▶ **Aim of the exercise**: Beneath this line sits some data. Return only its lines from the one holding "Modern Farmhouse Wall" through the one holding "Old Italian Bank Note - Ten Lire Stock Photo", inclusive, exactly, with the images removed.

▶ **Provided information**:
>>>
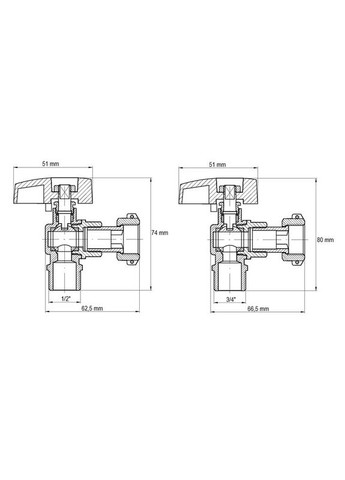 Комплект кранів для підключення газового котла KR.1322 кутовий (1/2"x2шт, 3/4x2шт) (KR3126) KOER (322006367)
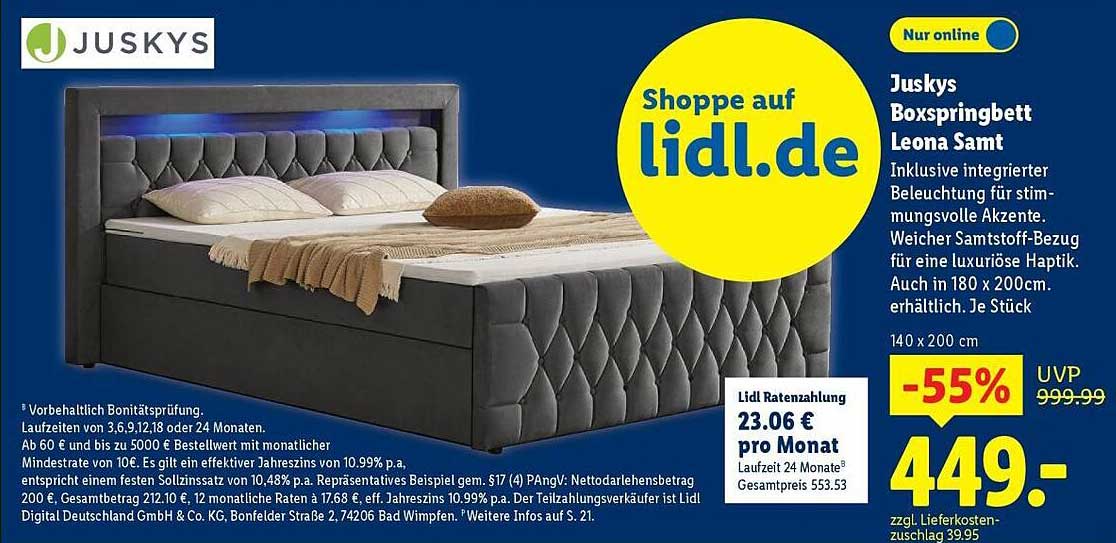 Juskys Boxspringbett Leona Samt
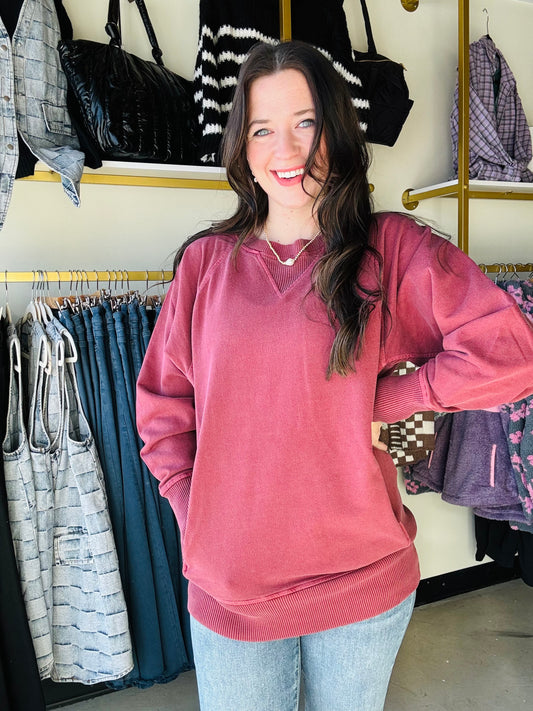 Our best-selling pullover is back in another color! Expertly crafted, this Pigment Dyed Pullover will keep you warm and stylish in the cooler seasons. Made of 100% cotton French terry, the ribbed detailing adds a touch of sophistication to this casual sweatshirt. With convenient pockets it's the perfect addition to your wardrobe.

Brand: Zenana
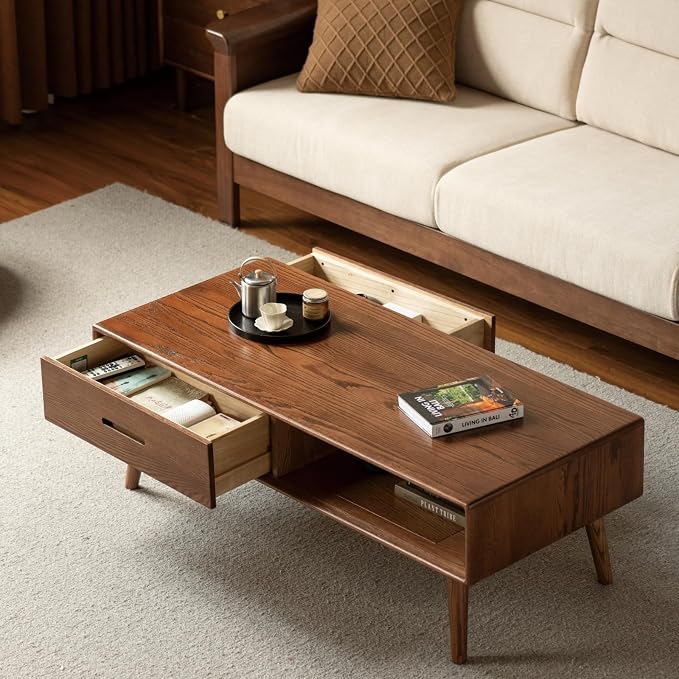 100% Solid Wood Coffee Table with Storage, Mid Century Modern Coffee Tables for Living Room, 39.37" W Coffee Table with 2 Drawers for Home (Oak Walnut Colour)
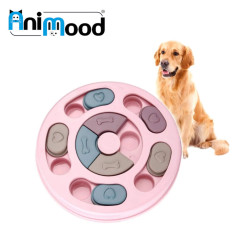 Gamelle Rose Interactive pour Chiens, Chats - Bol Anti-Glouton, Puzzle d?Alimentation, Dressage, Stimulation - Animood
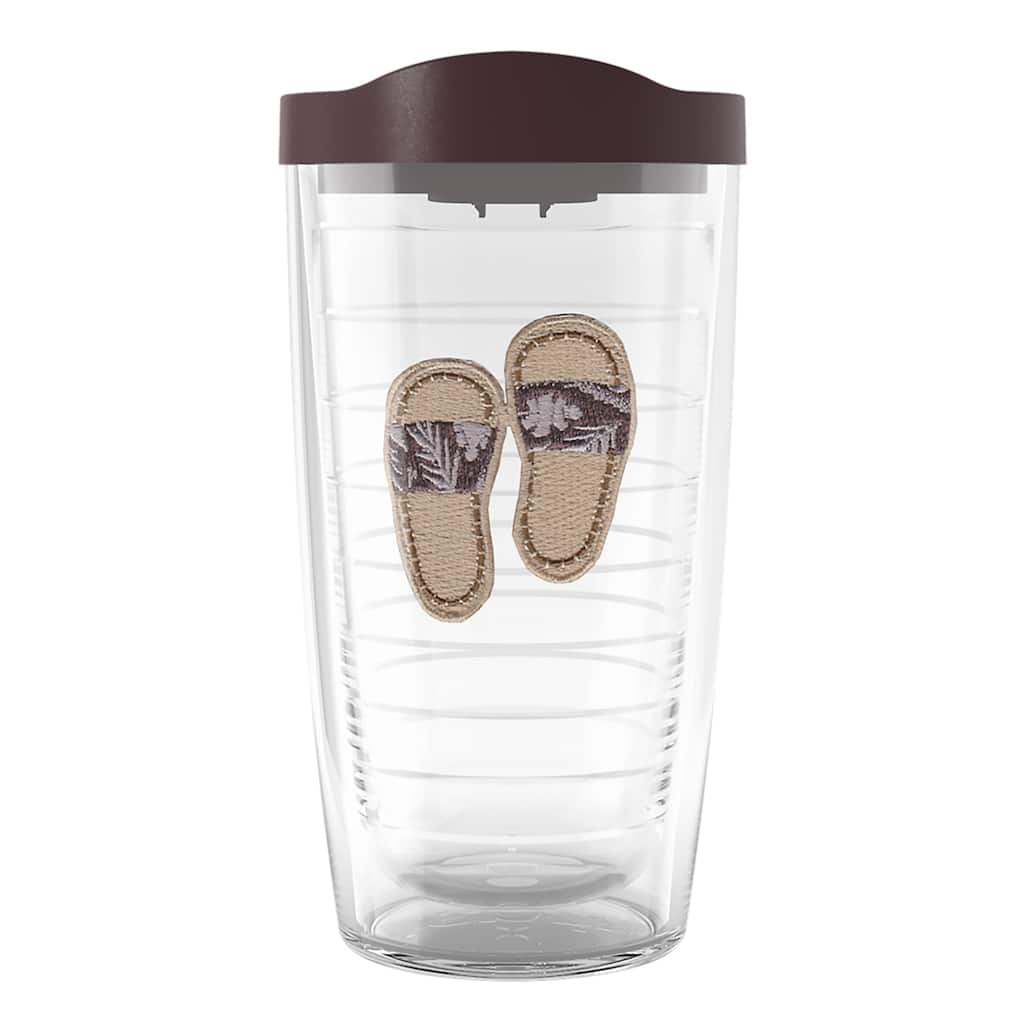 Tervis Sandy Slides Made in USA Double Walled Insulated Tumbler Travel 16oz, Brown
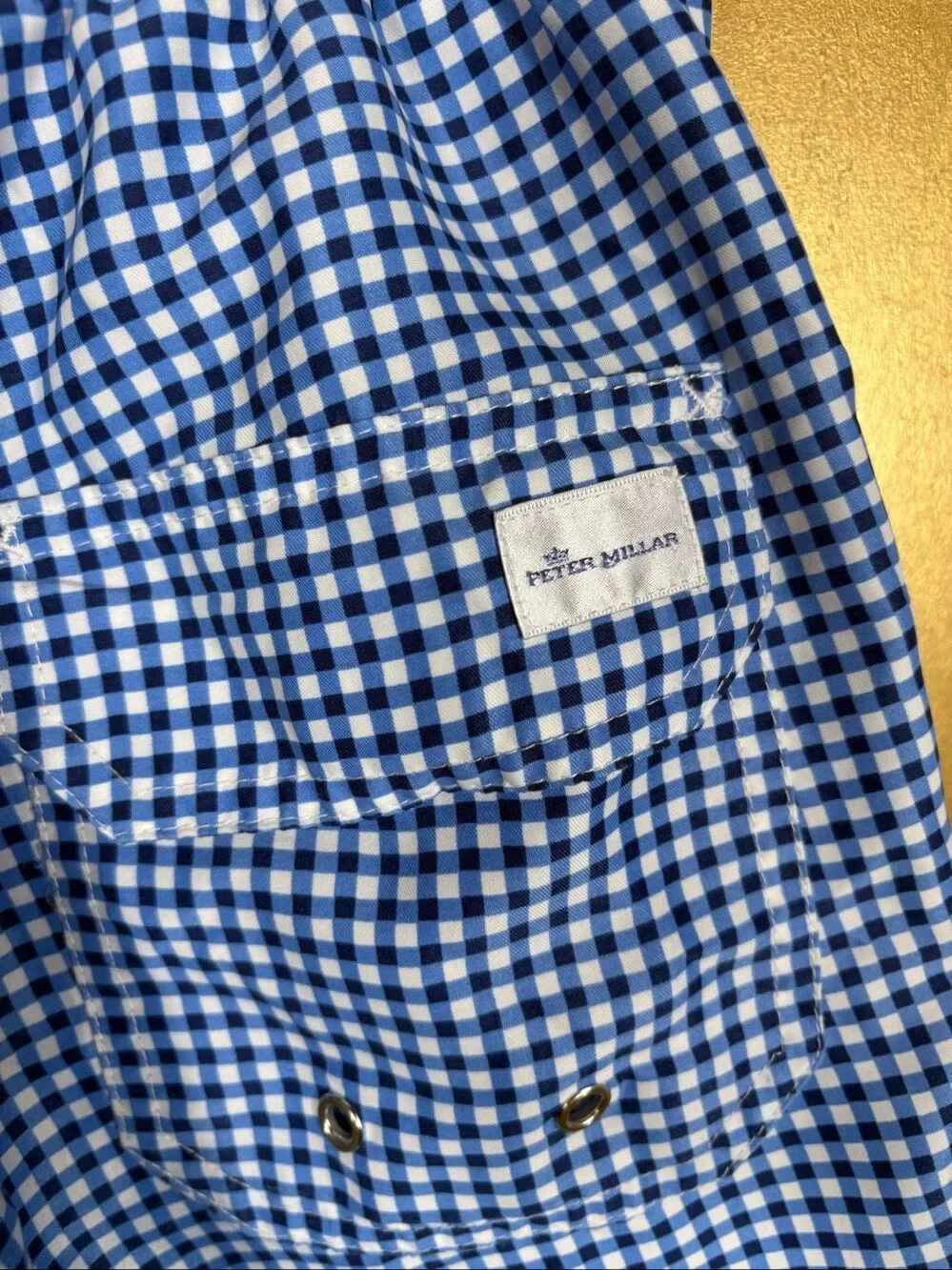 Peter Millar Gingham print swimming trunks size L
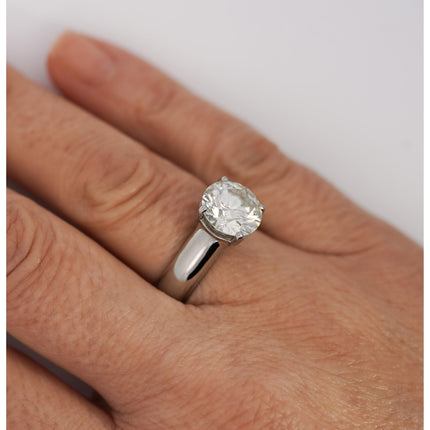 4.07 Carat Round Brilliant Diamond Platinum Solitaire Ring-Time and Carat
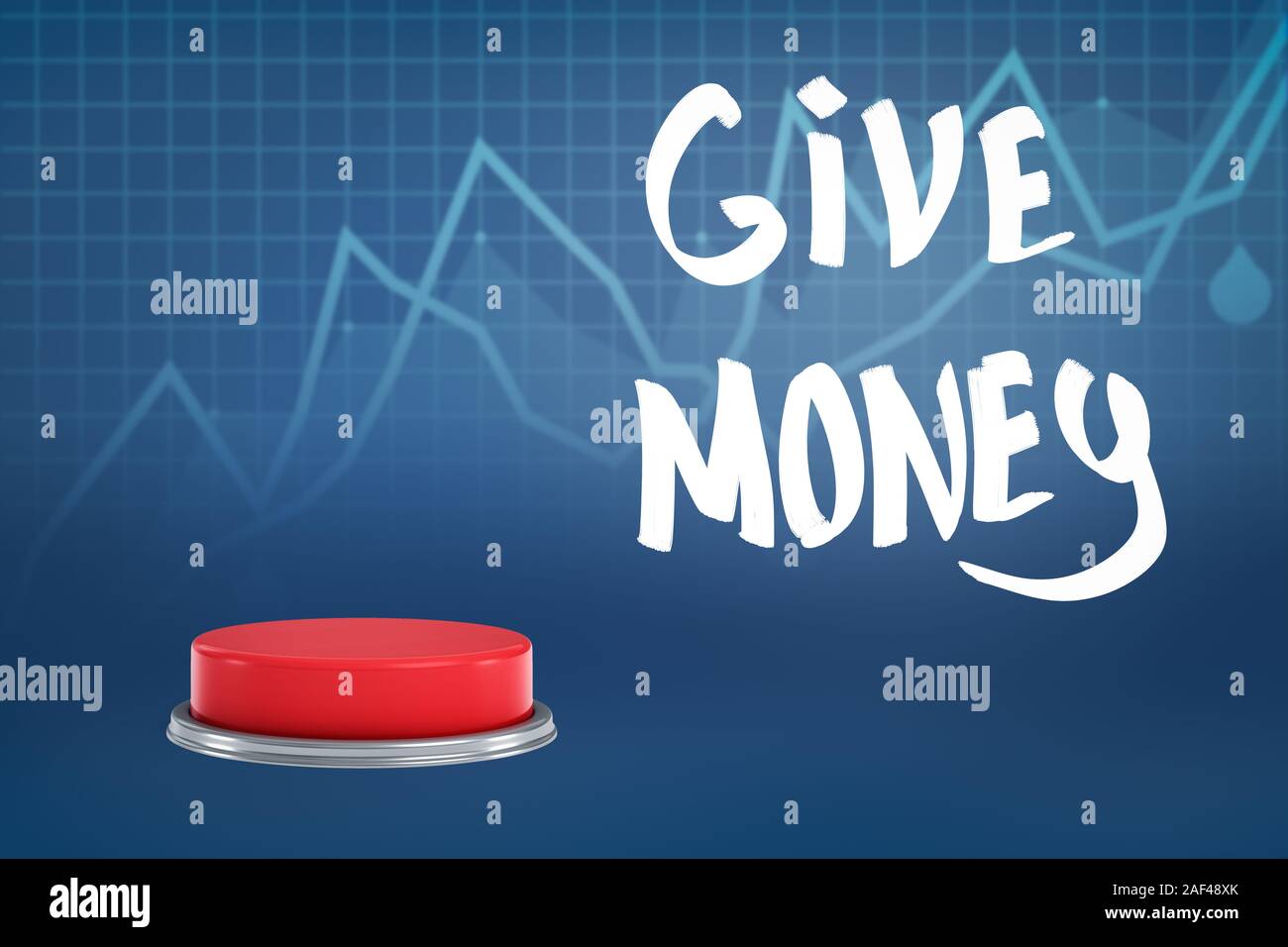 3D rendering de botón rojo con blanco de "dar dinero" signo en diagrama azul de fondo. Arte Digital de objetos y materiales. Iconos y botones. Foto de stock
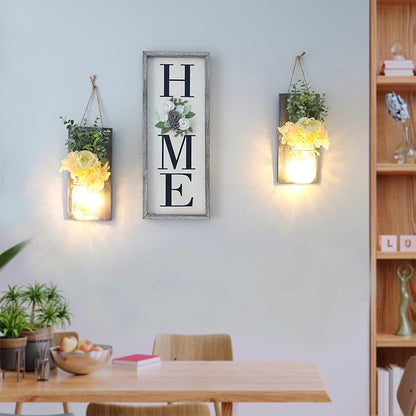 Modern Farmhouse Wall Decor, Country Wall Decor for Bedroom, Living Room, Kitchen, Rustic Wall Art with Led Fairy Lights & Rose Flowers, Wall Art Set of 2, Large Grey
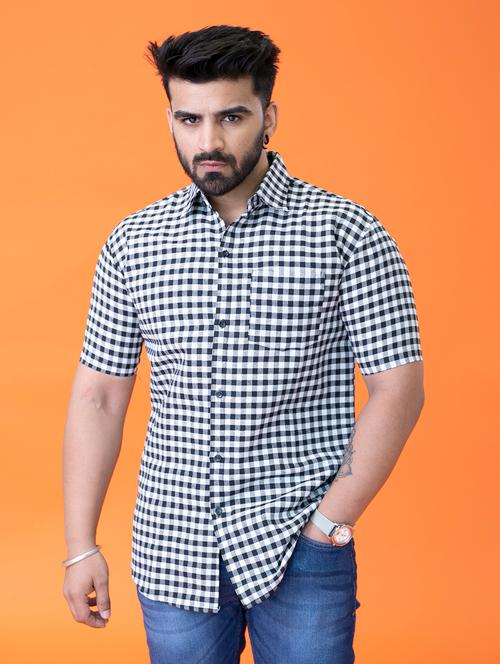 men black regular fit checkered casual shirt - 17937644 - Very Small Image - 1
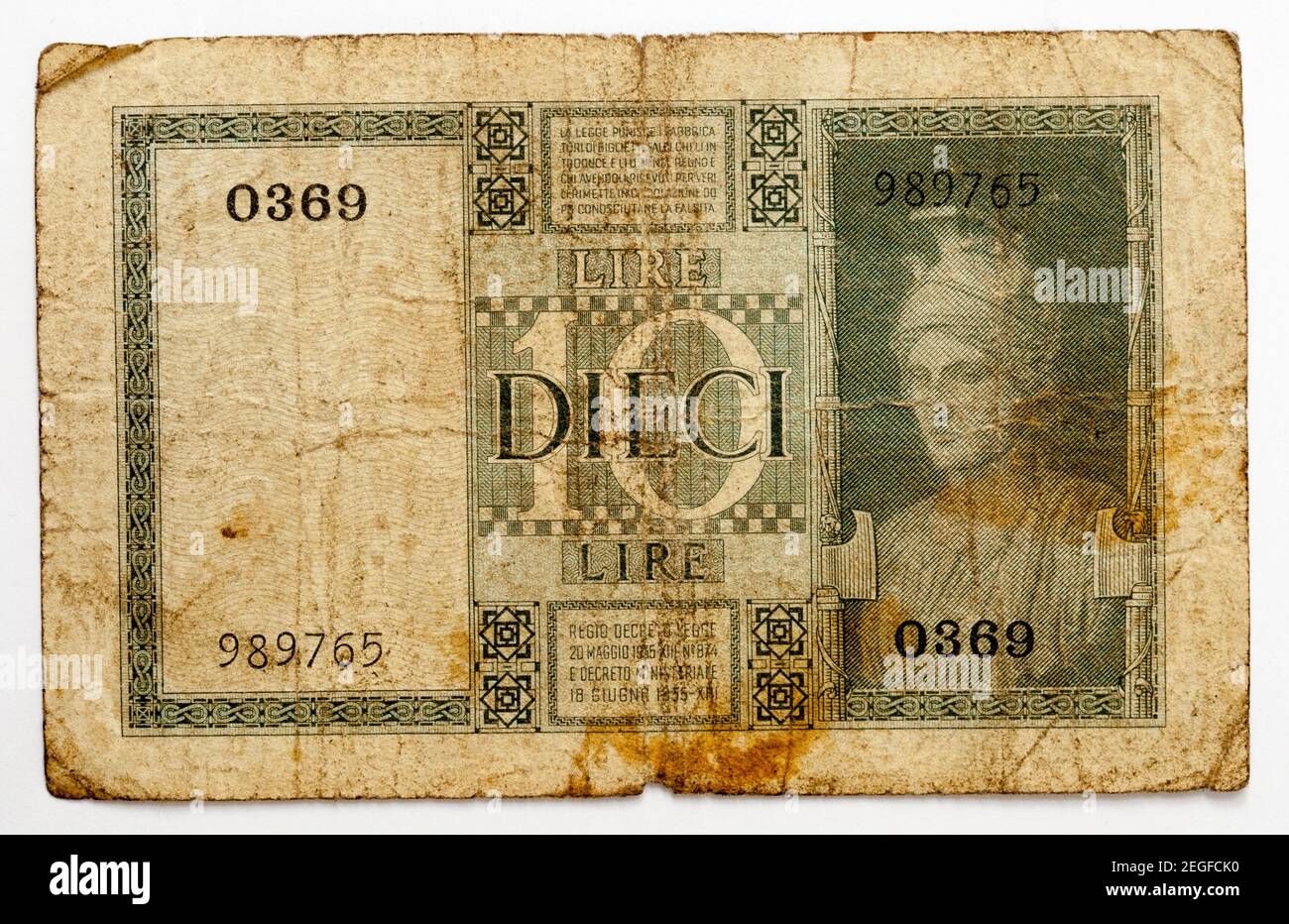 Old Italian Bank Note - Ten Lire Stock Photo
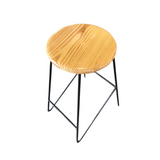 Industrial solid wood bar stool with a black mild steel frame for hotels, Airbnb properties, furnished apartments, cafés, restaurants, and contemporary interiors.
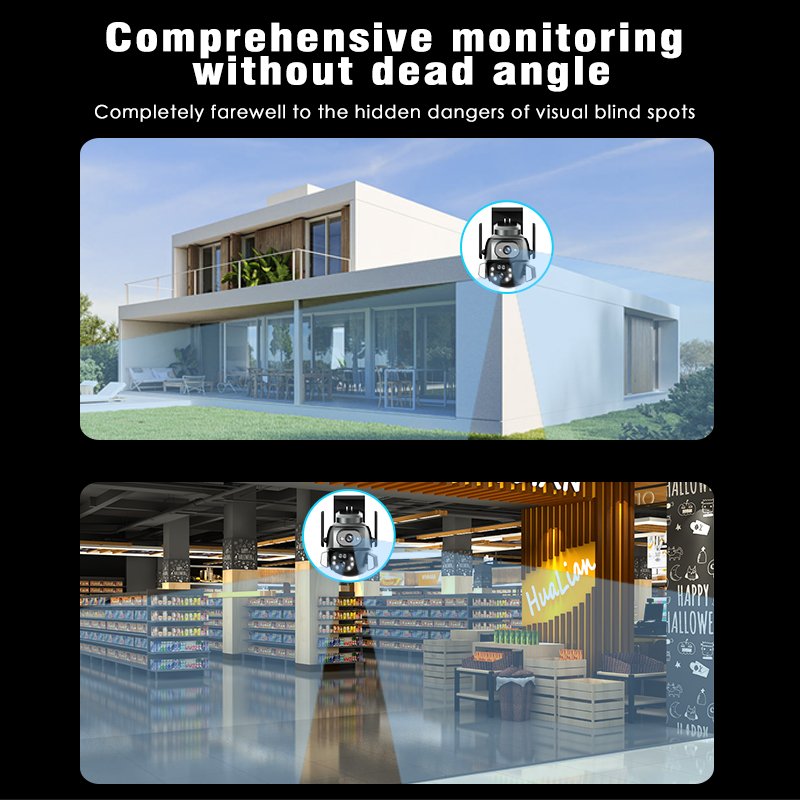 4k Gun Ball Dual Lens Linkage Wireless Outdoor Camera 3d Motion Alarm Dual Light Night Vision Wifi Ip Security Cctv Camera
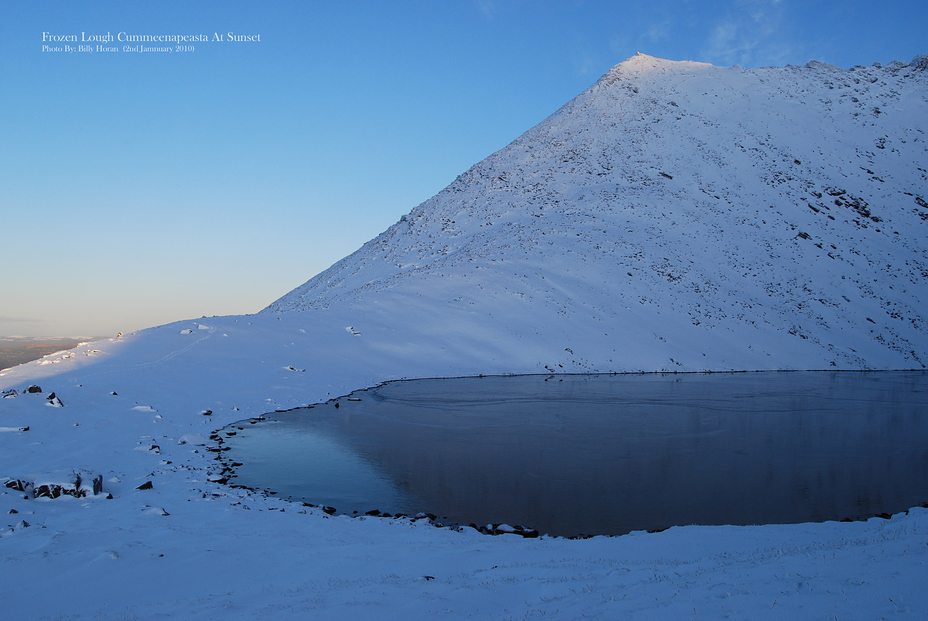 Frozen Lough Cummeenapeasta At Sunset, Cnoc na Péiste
<<<
▶ **Solution**:
 Modern Farmhouse Wall Decor, Country Wall Decor for Bedroom, Living Room, Kitchen, Rustic Wall Art with Led Fairy Lights & Rose Flowers, Wall Art Set of 2, Large Grey
 men black regular fit checkered casual shirt - 17937644 - Very Small Image - 1
 Old Italian Bank Note - Ten Lire Stock Photo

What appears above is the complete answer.